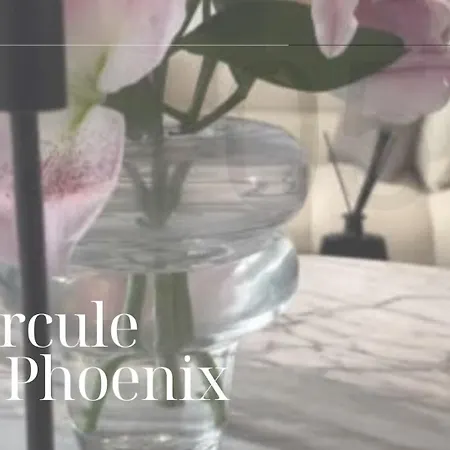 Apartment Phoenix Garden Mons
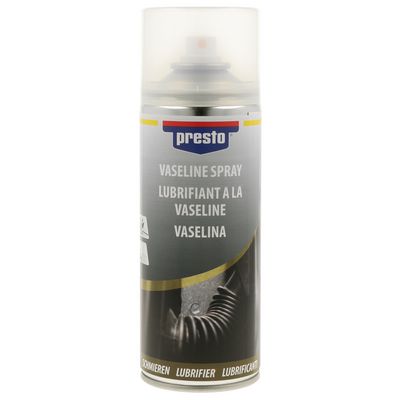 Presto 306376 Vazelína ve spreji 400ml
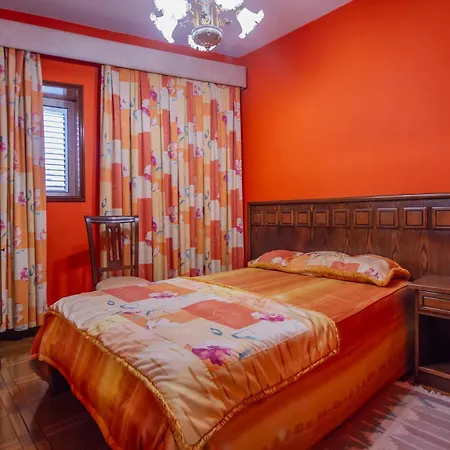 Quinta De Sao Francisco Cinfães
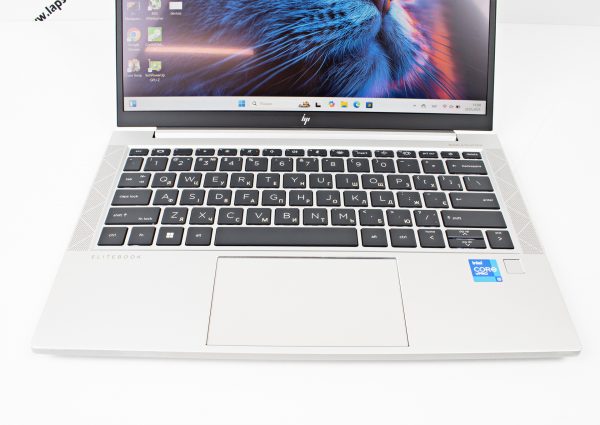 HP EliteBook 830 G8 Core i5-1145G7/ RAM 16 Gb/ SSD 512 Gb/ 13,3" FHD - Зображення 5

◆ Activity
Copy all the material exactly; omit images.

◆ Solution to the problem
 Apartment Phoenix Garden Mons
 Presto 306376 Vazelína ve spreji 400ml
 Quinta De Sao Francisco Cinfães
 HP EliteBook 830 G8 Core i5-1145G7/ RAM 16 Gb/ SSD 512 Gb/ 13,3" FHD - Зображення 5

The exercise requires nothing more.